DATASET START
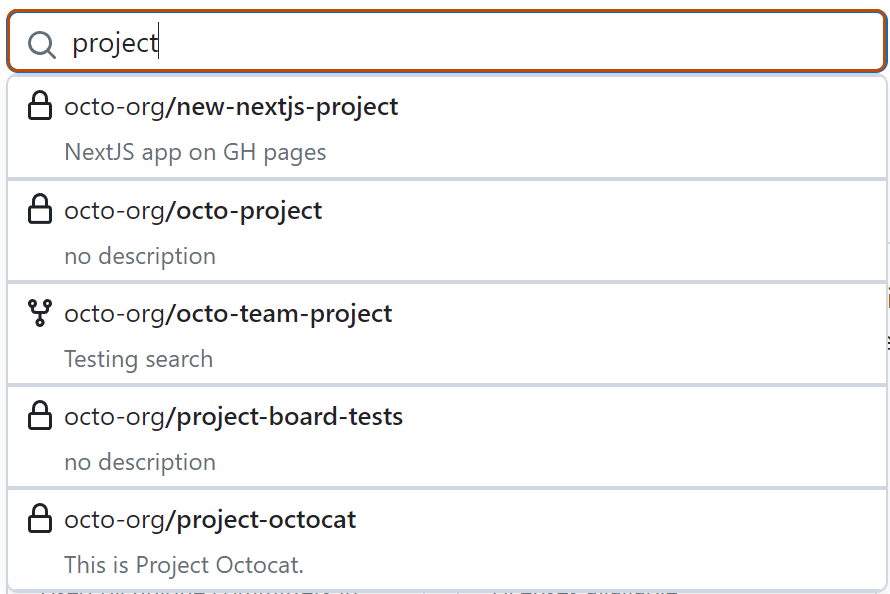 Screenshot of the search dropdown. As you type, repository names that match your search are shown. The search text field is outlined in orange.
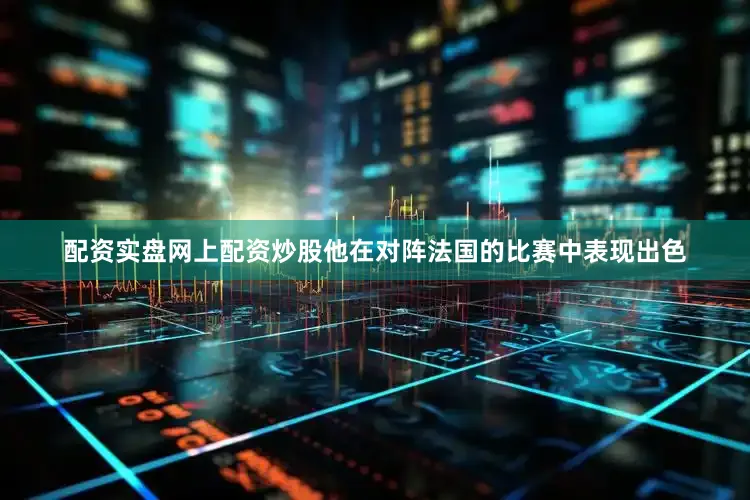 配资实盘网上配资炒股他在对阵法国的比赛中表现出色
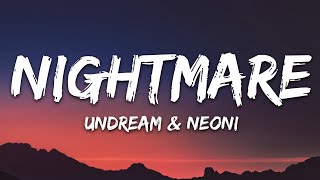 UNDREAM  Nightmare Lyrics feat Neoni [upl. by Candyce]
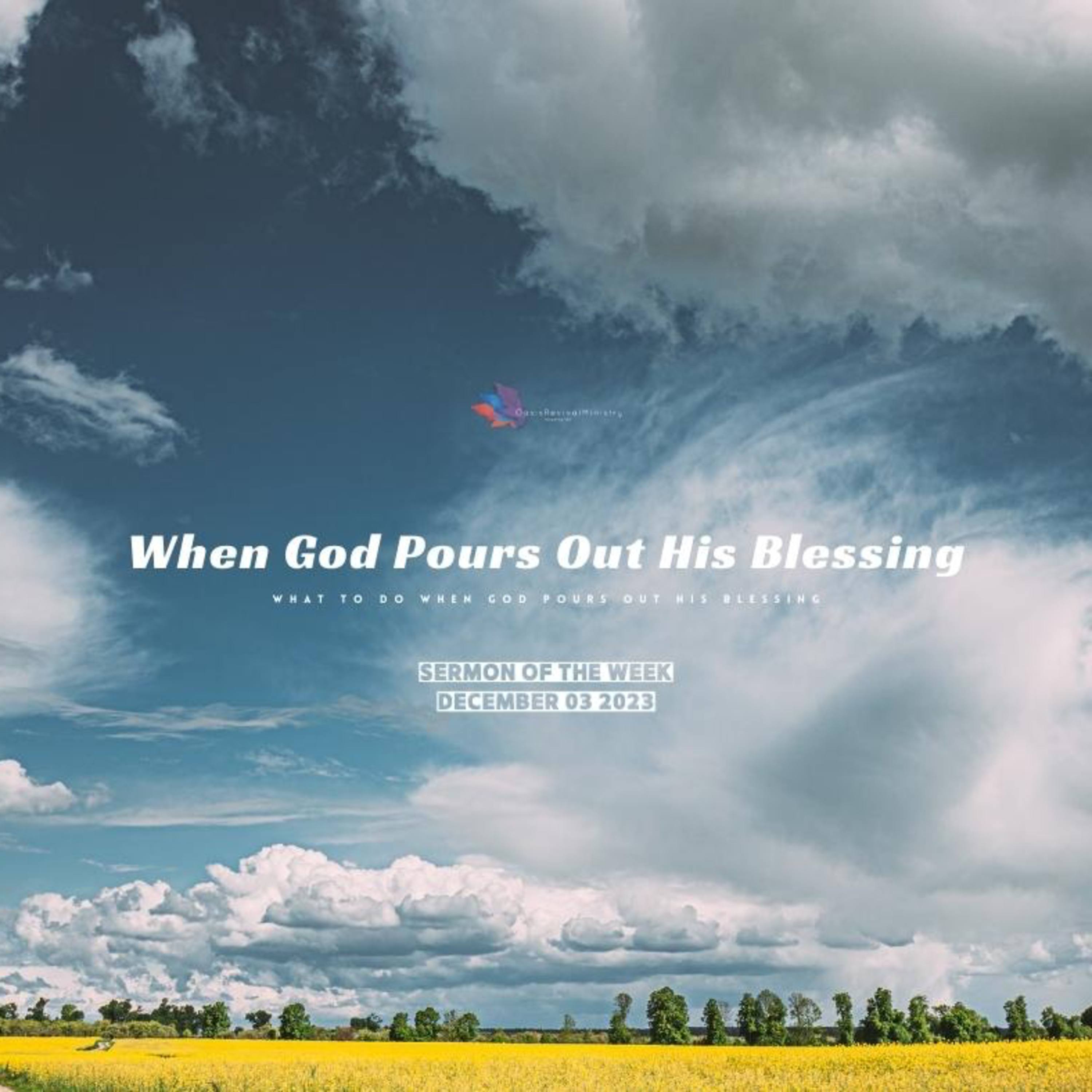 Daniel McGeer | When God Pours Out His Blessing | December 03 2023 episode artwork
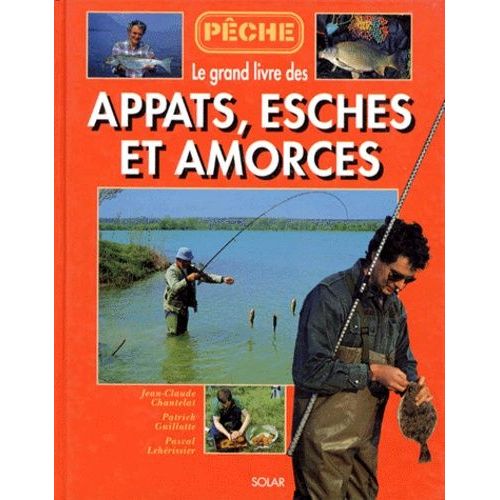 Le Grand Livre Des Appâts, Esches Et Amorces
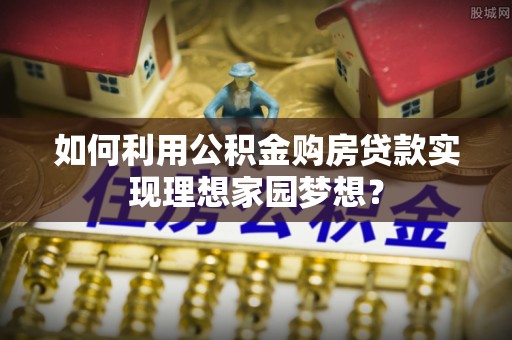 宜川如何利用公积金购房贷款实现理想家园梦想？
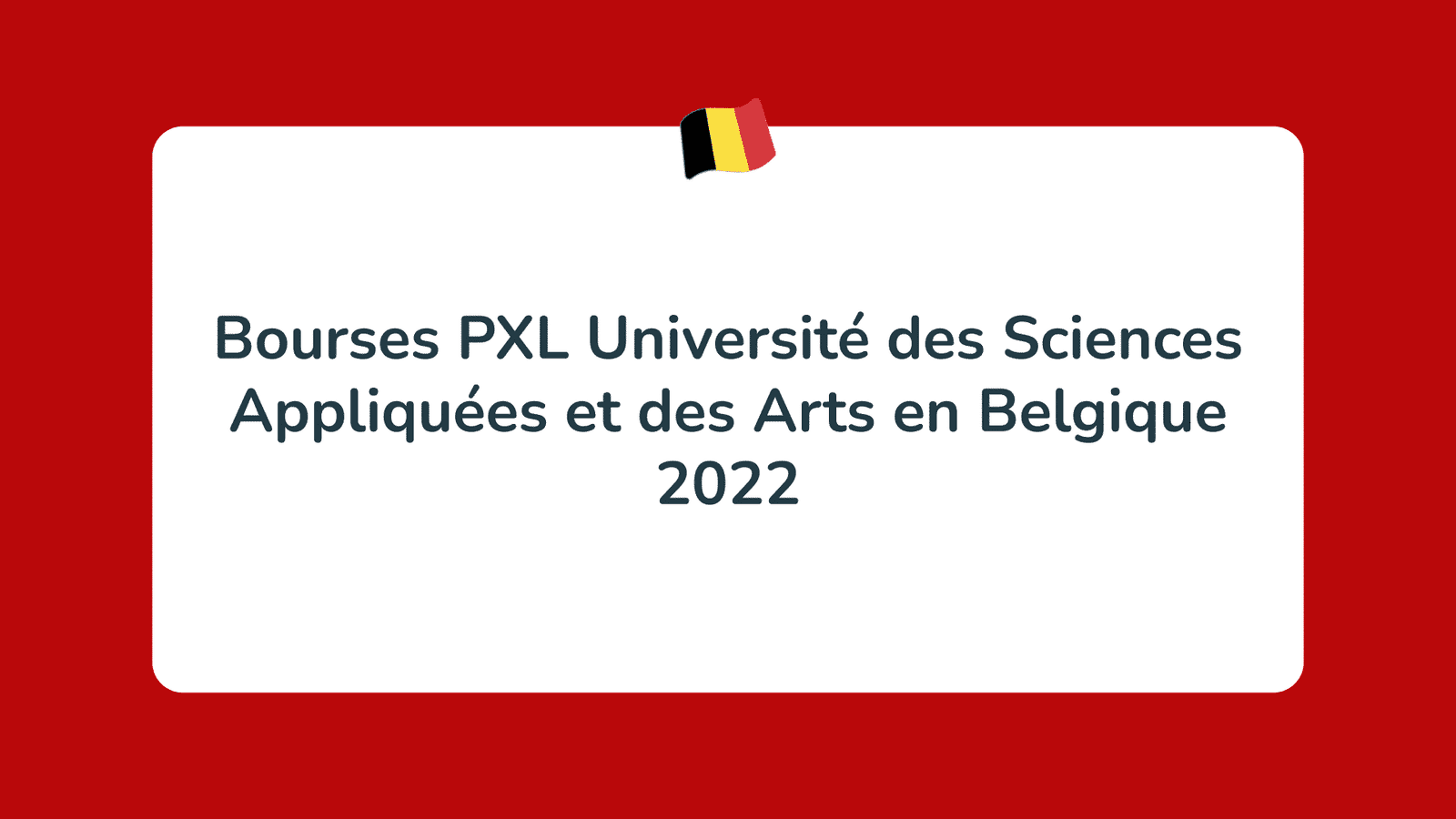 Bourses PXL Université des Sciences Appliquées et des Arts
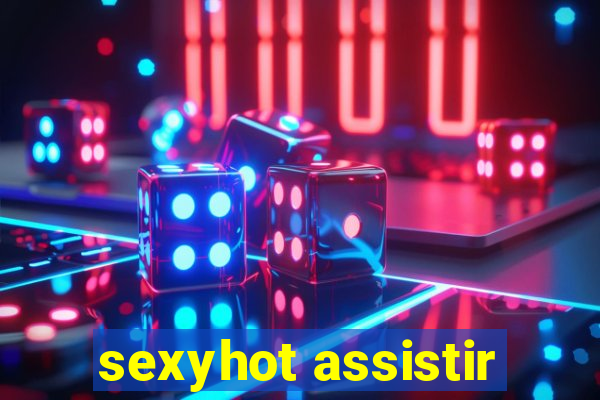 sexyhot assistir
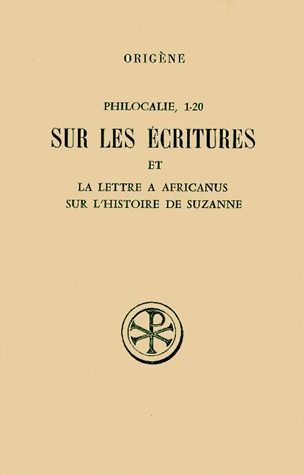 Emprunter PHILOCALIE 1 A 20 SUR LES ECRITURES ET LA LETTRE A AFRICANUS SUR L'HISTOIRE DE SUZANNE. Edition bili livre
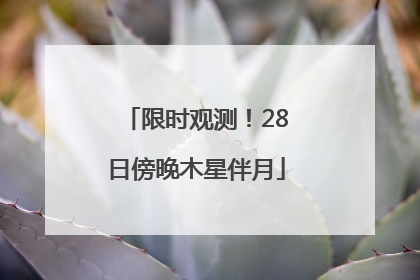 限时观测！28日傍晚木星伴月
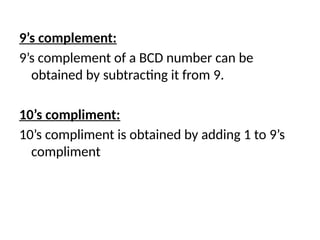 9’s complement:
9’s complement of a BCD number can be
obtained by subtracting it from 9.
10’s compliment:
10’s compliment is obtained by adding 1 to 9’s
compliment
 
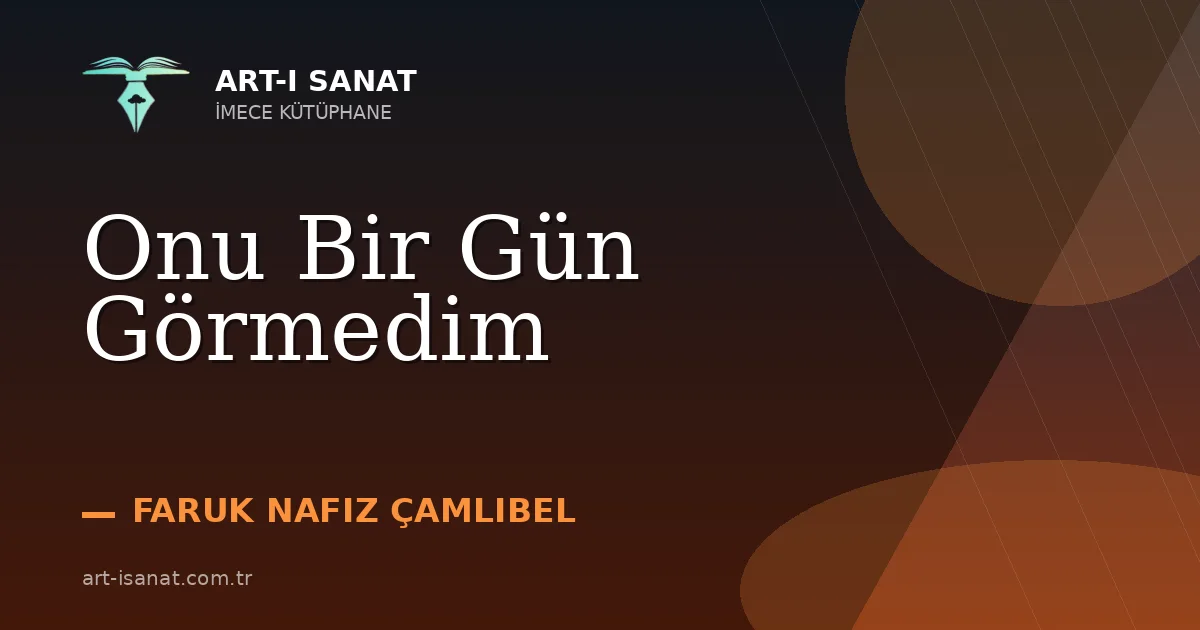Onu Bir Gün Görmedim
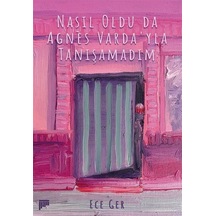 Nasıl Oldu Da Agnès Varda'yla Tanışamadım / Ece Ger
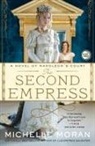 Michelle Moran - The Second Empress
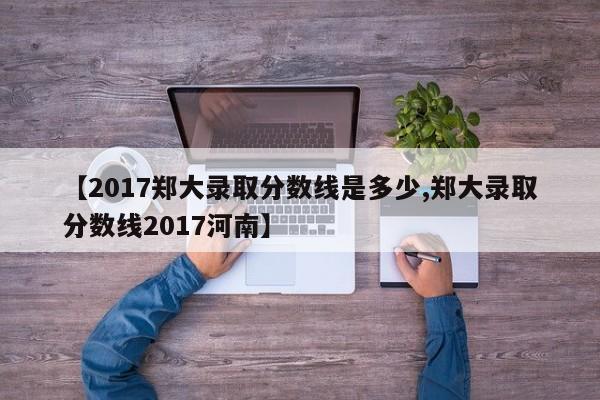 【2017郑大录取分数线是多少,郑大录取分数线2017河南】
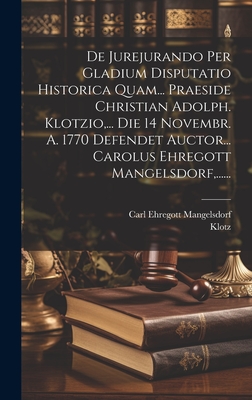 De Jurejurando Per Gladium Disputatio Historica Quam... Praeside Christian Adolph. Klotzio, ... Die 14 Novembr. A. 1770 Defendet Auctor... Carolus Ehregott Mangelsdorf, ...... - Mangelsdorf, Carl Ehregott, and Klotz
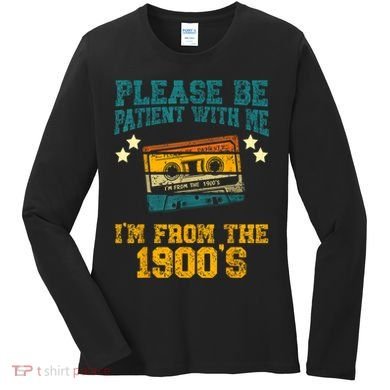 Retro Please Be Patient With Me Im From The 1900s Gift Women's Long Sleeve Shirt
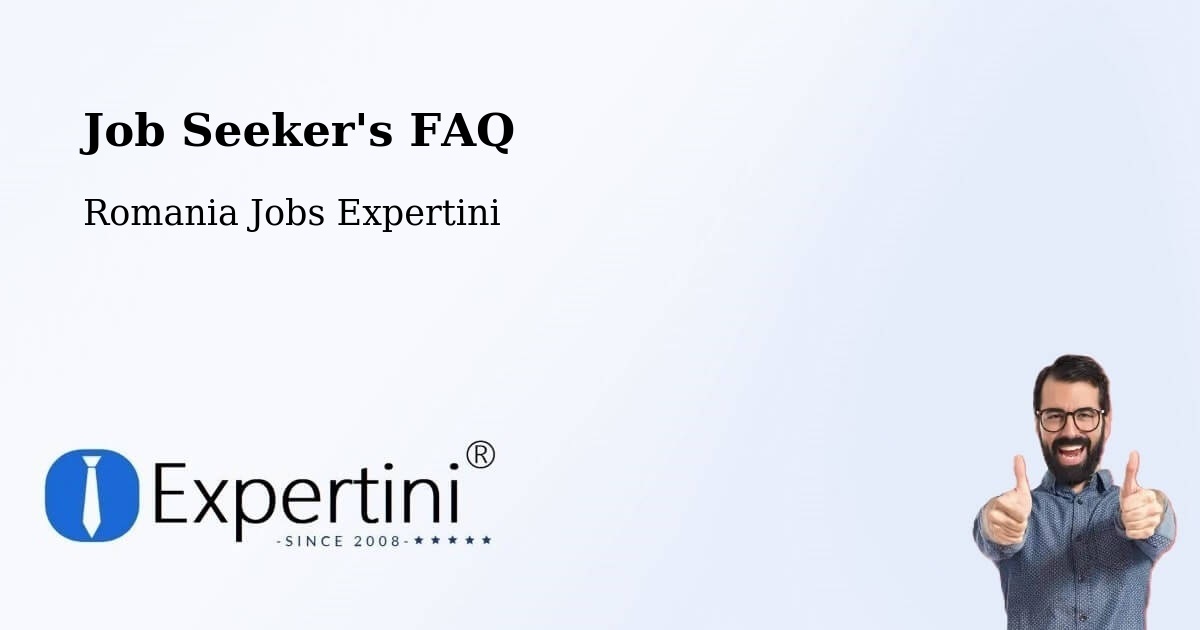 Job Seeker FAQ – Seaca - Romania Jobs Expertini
DATASET END
◆ **EXERCISE BRIEF**
What you give back must match the material word for word, with no images included.

◆ **ANSWER TO THIS PROBLEM**
 Screenshot of the search dropdown. As you type, repository names that match your search are shown. The search text field is outlined in orange.
 配资实盘网上配资炒股他在对阵法国的比赛中表现出色
 UNDREAM  Nightmare Lyrics feat Neoni [upl. by Candyce]
 Daniel McGeer | When God Pours Out His Blessing | December 03 2023 episode artwork
 Le Grand Livre Des Appâts, Esches Et Amorces
 宜川如何利用公积金购房贷款实现理想家园梦想？
 Bourses PXL Université des Sciences Appliquées et des Arts
 sexyhot assistir
 Emprunter PHILOCALIE 1 A 20 SUR LES ECRITURES ET LA LETTRE A AFRICANUS SUR L'HISTOIRE DE SUZANNE. Edition bili livre
 限时观测！28日傍晚木星伴月
 9’s complement:
9’s complement of a BCD number can be
obtained by subtracting it from 9.
10’s compliment:
10’s compliment is obtained by adding 1 to 9’s
compliment
 
Onu Bir Gün Görmedim
 Nasıl Oldu Da Agnès Varda'yla Tanışamadım / Ece Ger
 Michelle Moran - The Second Empress
 【2017郑大录取分数线是多少,郑大录取分数线2017河南】
 De Jurejurando Per Gladium Disputatio Historica Quam... Praeside Christian Adolph. Klotzio, ... Die 14 Novembr. A. 1770 Defendet Auctor... Carolus Ehregott Mangelsdorf, ...... - Mangelsdorf, Carl Ehregott, and Klotz
 Retro Please Be Patient With Me Im From The 1900s Gift Women's Long Sleeve Shirt
 Job Seeker FAQ – Seaca - Romania Jobs Expertini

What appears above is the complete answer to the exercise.